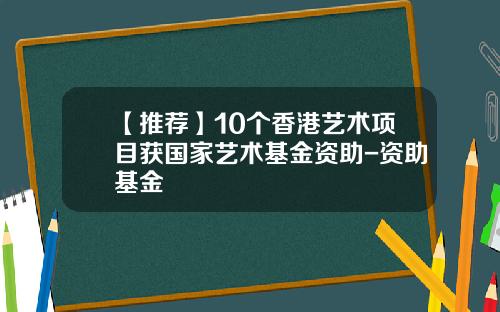 【推荐】10个香港艺术项目获国家艺术基金资助-资助基金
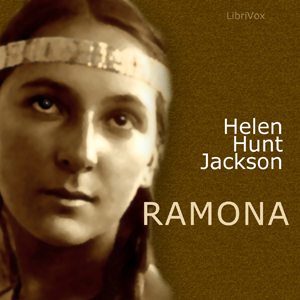Ramona (version 2) - Helen Hunt Jackson Audiobooks - Free Audio Books | Knigi-Audio.com/en/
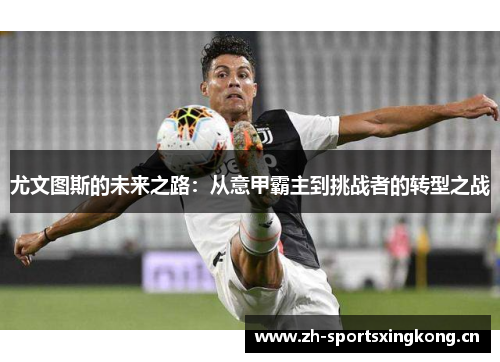 尤文图斯的未来之路：从意甲霸主到挑战者的转型之战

## DIRECTIONS FOR THIS TASK
The answer must be the whole listing, word for word, with no pictures in it. Please write it out.

## SOLUTION FOR THIS TASK
 【推荐】10个香港艺术项目获国家艺术基金资助-资助基金
Ramona (version 2) - Helen Hunt Jackson Audiobooks - Free Audio Books | Knigi-Audio.com/en/
 尤文图斯的未来之路：从意甲霸主到挑战者的转型之战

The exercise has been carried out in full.